| PROMPT |
Your answer should be an exact copy of the lines from the one containing "和平精英账号安卓QQ[192" through the last line of the records below, without any pictures.

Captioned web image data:
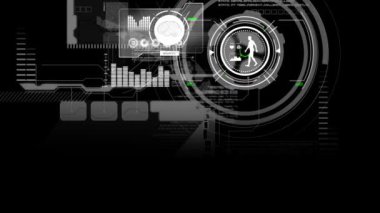 Kapsam taraması ve insan vücudunda veri işleme animasyonu. Küresel bilim, araştırma, dijital arayüz ve dijital olarak oluşturulmuş veri işleme kavramı.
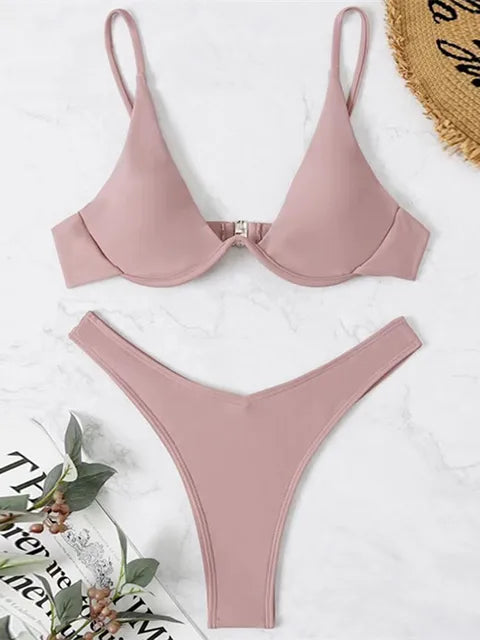 Drune – Bügel-Bikini-Set: Push-up-BH und Tanga-Bademode für Damen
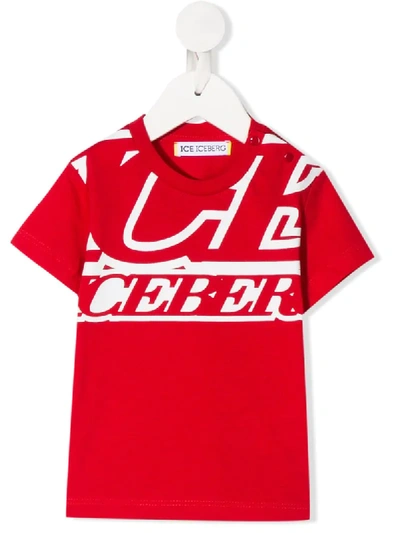 Iceberg Babies' Logo Print T-shirt In Red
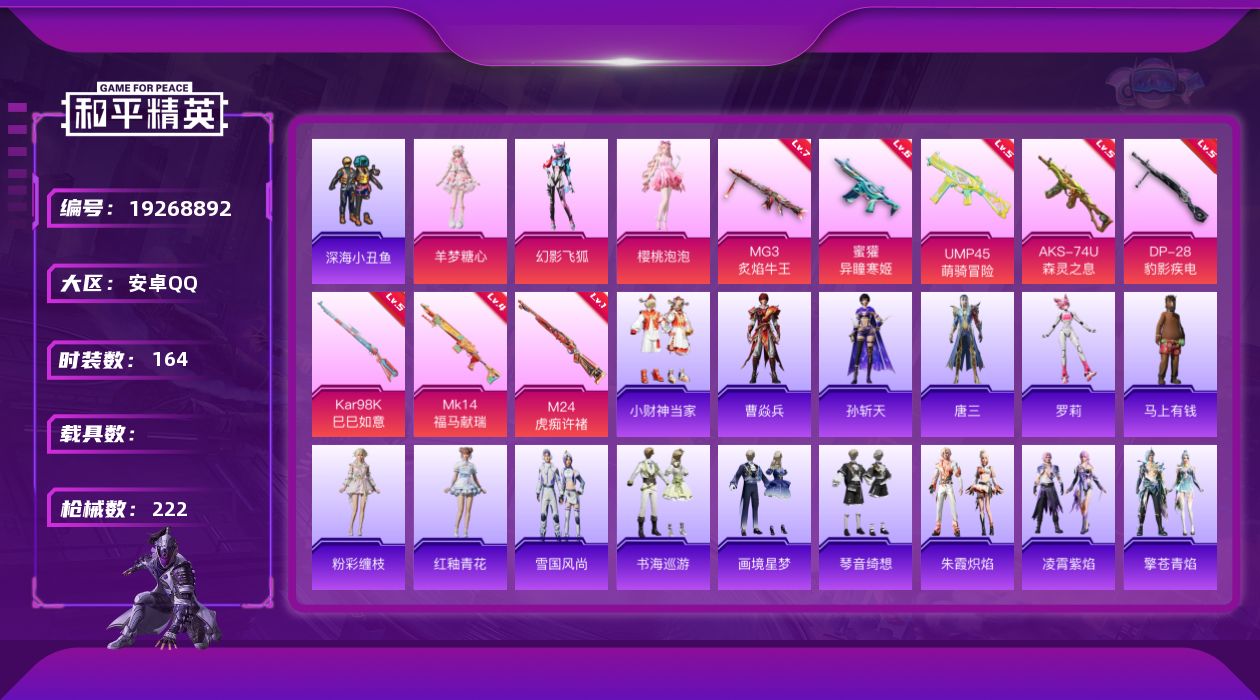 和平精英账号安卓QQ[19268892]安卓 手Q-3粉装-8特效枪-0载具-1粉色飞行器-64826热力值-9王牌印记-164套装-222枪皮
【热门品类】：套装-浪漫天命，套装-深海小丑鱼，角色-军刀雅典娜，套装-龟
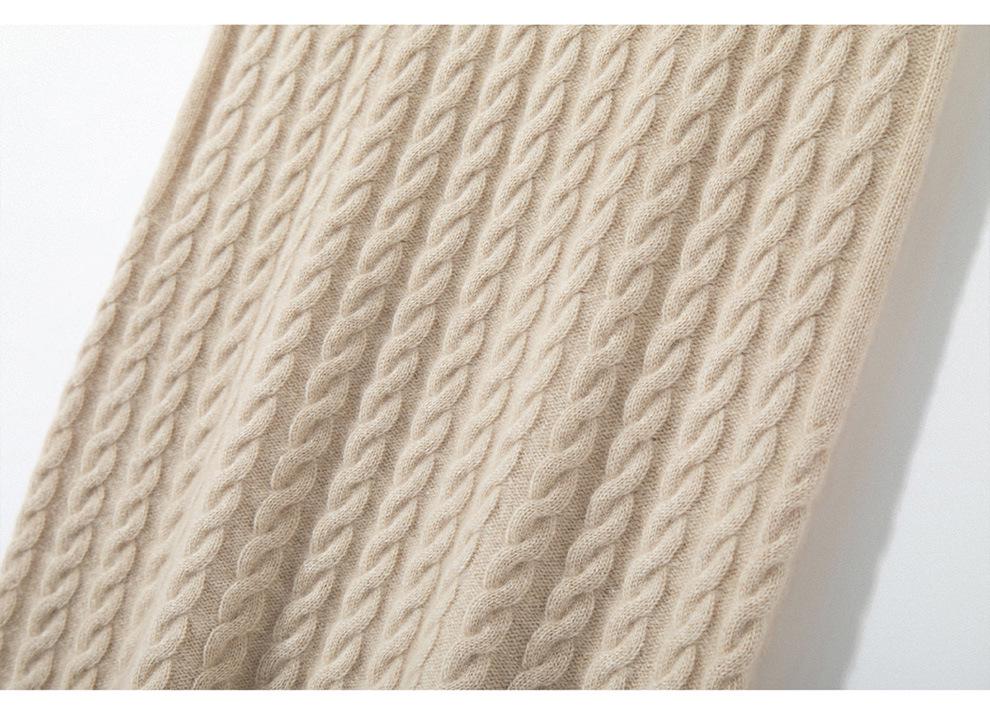 Cashmere Women's High-End Cable Knit Round Neck Sweater & High Waist Skirt Set
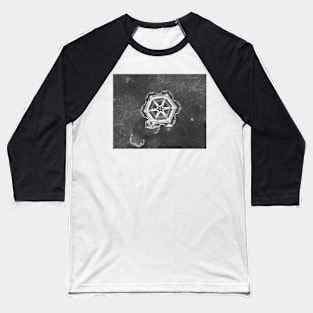 Snowflake abstract winter crystal macro six sided Baseball T-Shirt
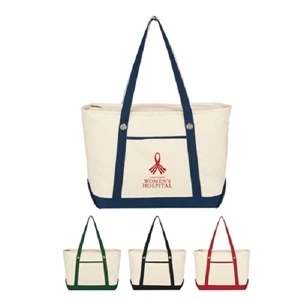 Large Cotton Canvas Sailing Tote Bag | https://www.bestnamebadges.com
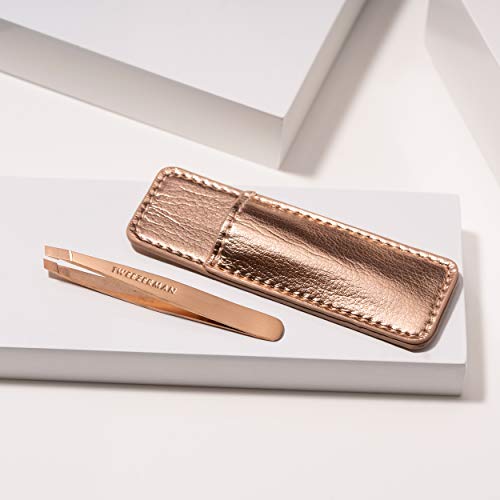 Tweezerman Rose Gold Mini Slant Tweezer with Case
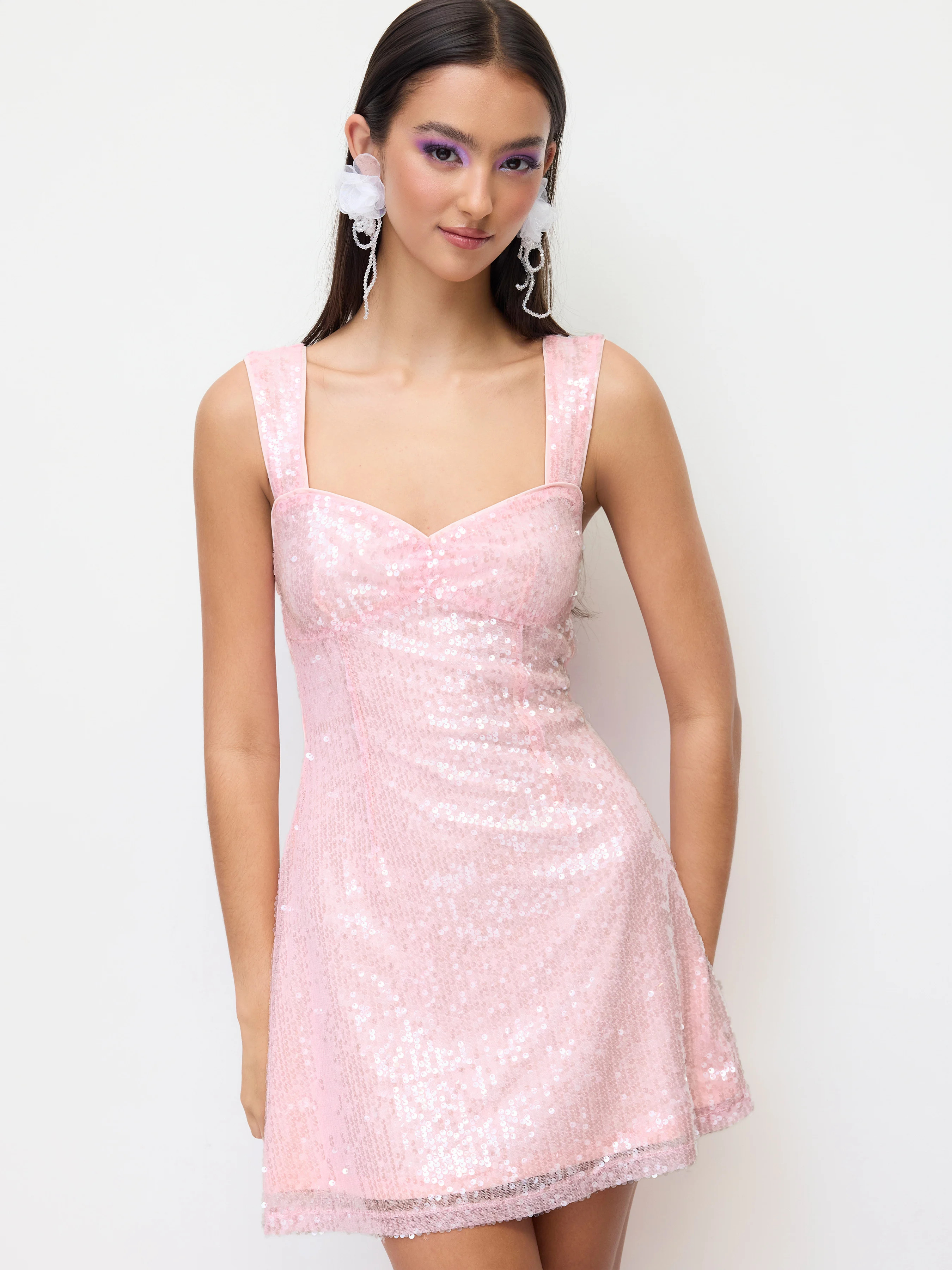 Sequin Sweetheart Neckline Zip Detail Mini Dress | Cider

| EXPECTED OUTPUT |
 和平精英账号安卓QQ[19268892]安卓 手Q-3粉装-8特效枪-0载具-1粉色飞行器-64826热力值-9王牌印记-164套装-222枪皮
【热门品类】：套装-浪漫天命，套装-深海小丑鱼，角色-军刀雅典娜，套装-龟
 Cashmere Women's High-End Cable Knit Round Neck Sweater & High Waist Skirt Set
 Snowflake abstract winter crystal macro six sided Baseball T-Shirt
 Large Cotton Canvas Sailing Tote Bag | https://www.bestnamebadges.com
 Tweezerman Rose Gold Mini Slant Tweezer with Case
 Sequin Sweetheart Neckline Zip Detail Mini Dress | Cider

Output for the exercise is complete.